И, всю правду о нем сохранив, изъяв из всей правды только пугачевскую малость, дал нам другого Пугачева, своего Пугачева, народного Пугачева, которого мы можем любить: не можем не любить.
Какой же Пугачев – настоящий? Тот, что из страха отдал на растерзание любимую женщину и невинного младенца, на потопление – любимого друга, на удавление – вернейшего соратника, и сам, в ответ на кровавый удар по лицу, встал на колени?
Или тот, что дважды, трижды, семижды простил Гринева и, узнав в толпе, в последний раз ему кивнул?
Что мы первое видим, когда говорим «Пугачев»? Глаза и зарево. И – оба без низости. Ибо и глаза и зарево – явление природы, «есть упоение в бою», а может быть, и сама Чума, но – стихия, не знающая страха.
Что мы первое и последнее чувствуем, когда говорим «Пугачев»? Его величие. Свою к нему любовь.
Так, силой поэзии, Пушкин самого малодушного из героев сделал образцом великодушия.
В «Капитанской дочке» Пушкин-историограф побит Пушкиным-поэтом, и последнее слово о Пугачеве в нас всегда за поэтом.
Пушкин нам Пугачева пугачевского бунта – показал, Пугачева «Капитанской дочки» – внушил. И сколько бы мы ни изучали и ни перечитывали «Историю пугачевского бунта», как только в метельной мгле «Капитанской дочки» чернеется незнакомый предмет – мы все забываем, весь наш дурной опыт с Пугачевым и с историей, совершенно как в любви – весь наш дурной опыт с любовью.

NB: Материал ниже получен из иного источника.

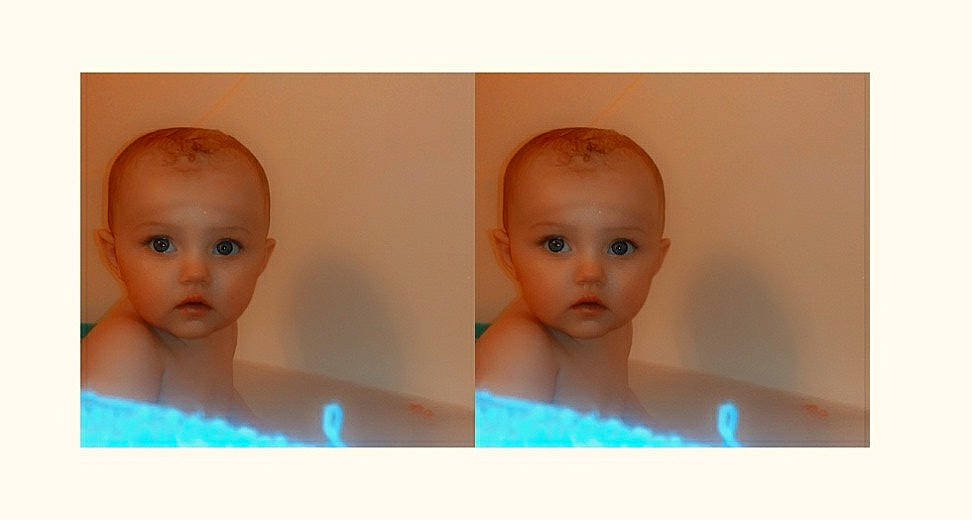 Emberlyn is registered to the contest to win money with this photo: baby, bathing, cheek, child, chin, close_up, ear, eye, eyebrow, face, forehead, head, iris, lip, mouth, nose, person, photograph, photography, skin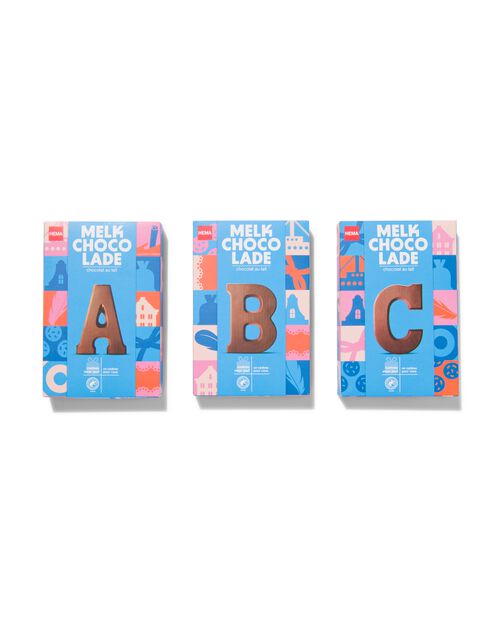 lettre A en chocolat au lait 140g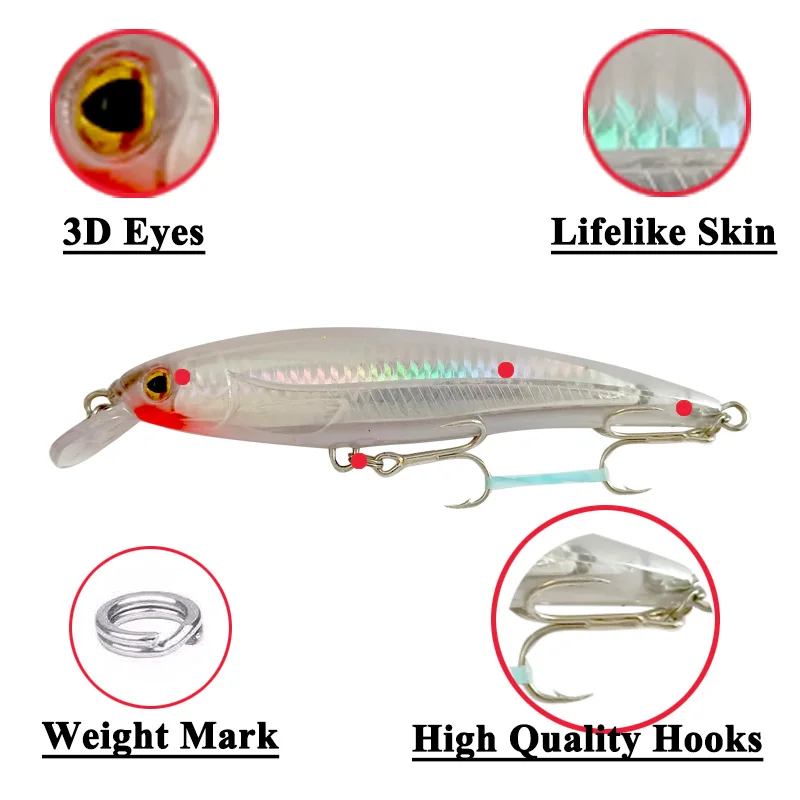 1 Pcs Fishing Lures Freshwater Wobbler 15CM 42.5G for Pike Artist Lure Fukushima Sea Jig Spinning Metal Official Esfishing Store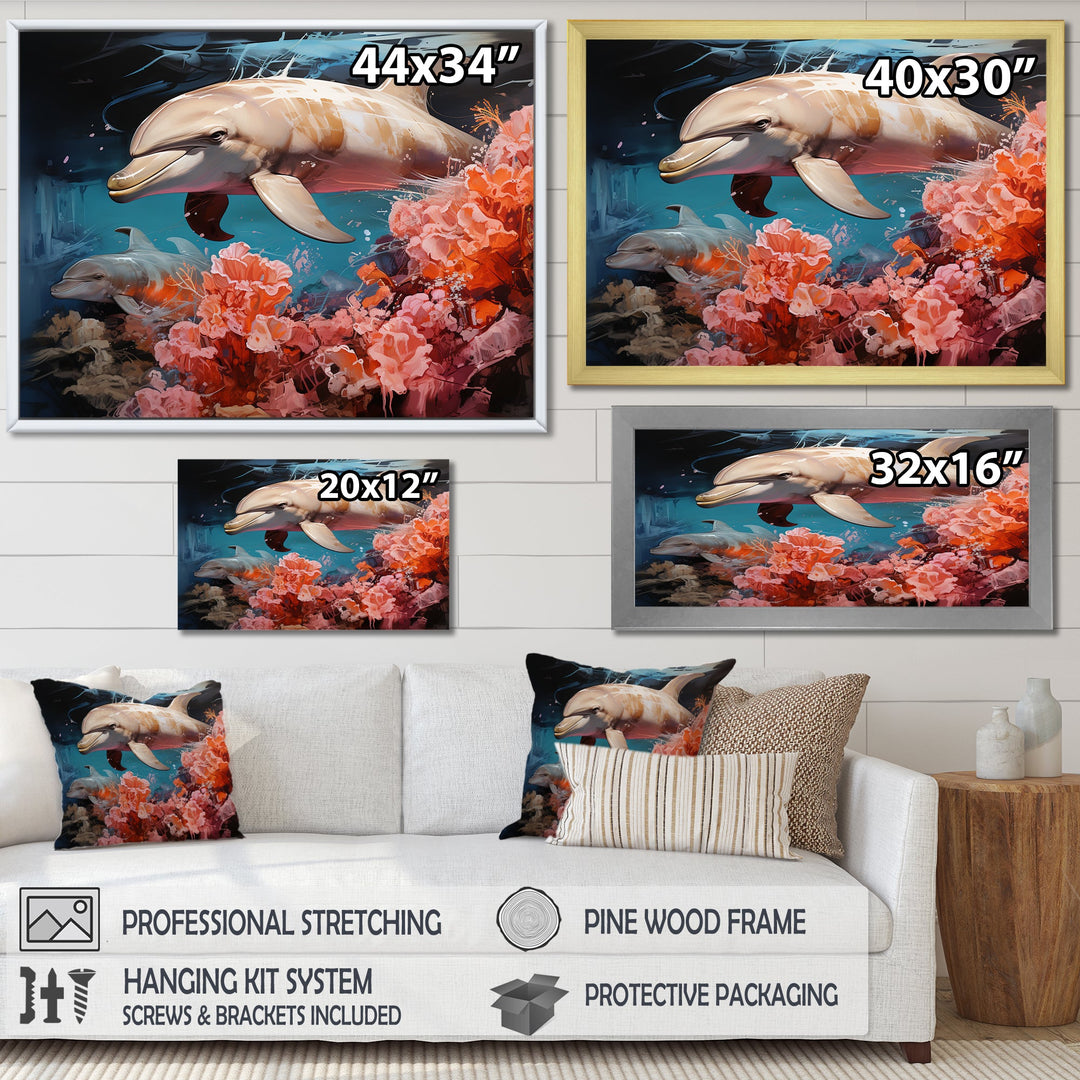 Dolphin Eternal Dance - Dolphin Wall Decor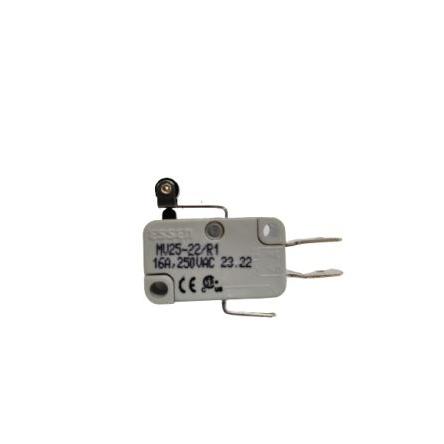 RS PRO Mikrospínač, typ ovladače: Krátká páka s válečkem SPDT, 220 V dc, 250 V ac, 16A, Rychlé připojení, IP40, 240g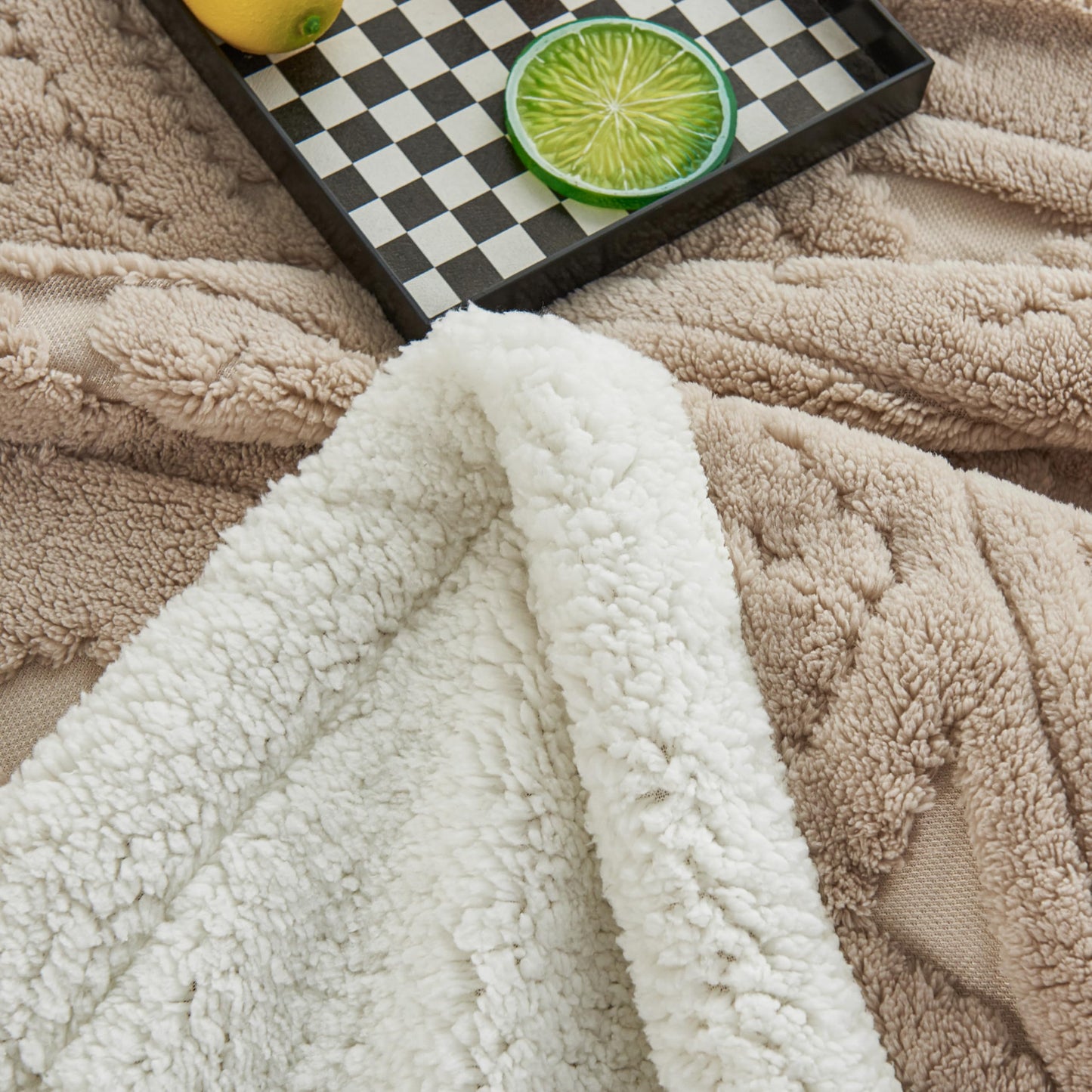 LEVINIS Large Bohemian Bed Blankets 80'' × 90'', Ultra Soft Aztec Blankets for All Season, Cozy Plush Bohemian Throw Blanket for Bed/Couch/Sofa/Office/Camping, Camel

Ибо чара – старше опыта. Ибо сказка – старше были. И в жизни земного шара старше, и в жизни человека – старше. Ибо Пугачева мы знали уже и в Мужик-сам-с-перст, и в Верлиоке, и в Людоеде из Мальчика-с-пальчика, рубящем головы собственным дочерям, и в разбойнике, от которого Аленушка прячется за кадушку с маслом, во всех людоедах и разбойниках всех сказок, в сказке крови, нашей древней памяти.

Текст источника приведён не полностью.